Sigan tratando el tema por favor,y cuando puedan hablen de Turquia, un abrazo.

Anónimo dijo...

Editorial de ese diarazo llamado FT

Time to end the Arab exception (parte 1)

The unfolding drama in the battle-disfigured streets and opaque repositories of power in Cairo has an act or two to go before reaching catharsis. But one thing is clear. The army will try to ensure Hosni Mubarak is not forced out by the revolt and will instead ease him off stage.
Egypt’s US and European allies should do everything they can to ensure his retirement comes soon and finally place themselves on the right side of history in the Arab world, of which Egypt is now the throbbing heart.

Mr Mubarak has had to fall back on the army; and he has lost control of the presidential succession. For the first time in his 30 years in power he has been forced to appoint a vice-president – Omar Suleiman, chief of the tentacular Mukhabarat intelligence services – and thereby relinquish any hope he had to bequeath the presidency to his banker son, Gamal.
The military establishment has too many interests vested in the regime to allow Mr Mubarak to be bundled off to Saudi Arabia, like his fellow Tunisian dictator, Zein al-Abidine Ben Ali. But the army will surely have told the president he cannot attempt to stay on in what would be another sham election due this September. The uprising and chaos of the past week have made clear what that would mean.
Mr Mubarak seemed blithely unaware of this when, as Cairo burned, he addressed the nation on Friday night. In other circumstances it might have seemed an assured, even avuncular performance. At this moment in Egypt’s destiny, it was a dictionary definition of tin-eared denial.
Appointing a former air force commander – like Mr Mubarak himself – as his new prime minister, and then naming his intelligence chief as his likely successor, is no cure for civic insurrection. The ageing pharaoh might as well try to blot out the sun with his finger. Egypt’s young rebels, who have raised the banner of freedom and insisted on his departure, are not risking their lives in order to see one set of generals replaced by another.

Anónimo dijo...

Time to end the Arab exception (parte 2)
Do the US and the west have a role in this drama, other than as a shambolic chorus? Yes.
The Mubarak regime is at the centre of a network of regional strongmen the west has backed and bankrolled to secure stability in a neuralgic region, guaranteed oil supplies and the safety of Israel. As waves of democracy have burst over almost every other tyrant-plagued region in the past 30 years, the US and Europe have connived in an Arab exception – and Egypt is its exemplar.
The west has struck a Faustian bargain with Arab rulers, who have blackmailed them into believing that, but for them, the mullahs would be in charge. There is unquestionably a risk.
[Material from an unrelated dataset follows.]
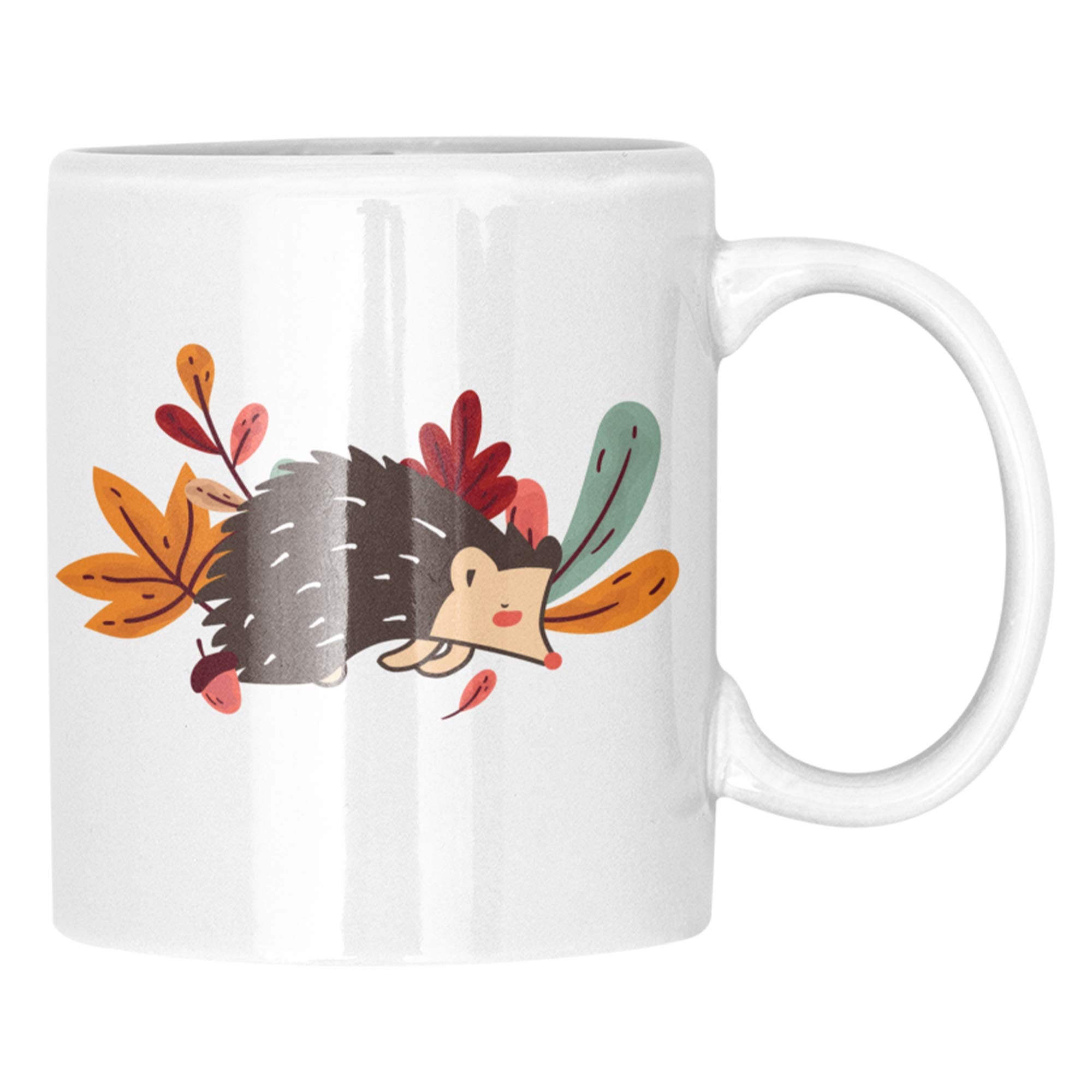 Igel Tasse Geschenk Hedge Hog Geschenkidee Igel Kaffeetasse Becher Kaffeebecher Tier Kakaotasse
Arab despots have destroyed political and institutional life, leaving their opponents little option but the mosque and the madrassa.
But what shallow realists in the west fail to grasp is that the risk grows greater the longer these corrupt regimes, incapable of meeting the aspirations of their young populations, remain in power. Instability is certain; it is the future that is up for grabs. For now, it is young, mostly secular democrats who have taken a courageous initiative in the streets. They deserve support.
Instead of propping up tyrants for short-term and often illusory gains, western policy needs to find ways of stimulating the forces in Arab society that might eventually replace them. After the 9/11 attack on America, a misguided “they-hate-us-for-our-freedoms” industry emerged. No. What Arabs and Muslims hate is western support for those who deny them their freedoms.
It is an important signal that Washington intends to review the annual $1.3bn stipend it has paid to Egypt’s army since 1979. The west needs to put its money where its mouth is, with a blatant bias towards democracy and its brave defenders, by supporting competitive politics and open societies, education and the building of institutions, law-based regimes and the empowerment of women – everything the Arabs, against the odds, still find attractive about western society.
It is for the Egyptians (and the Arabs) to claw their way out of the pit of autocracy. The least they can expect from the west is to stop stamping on their fingers.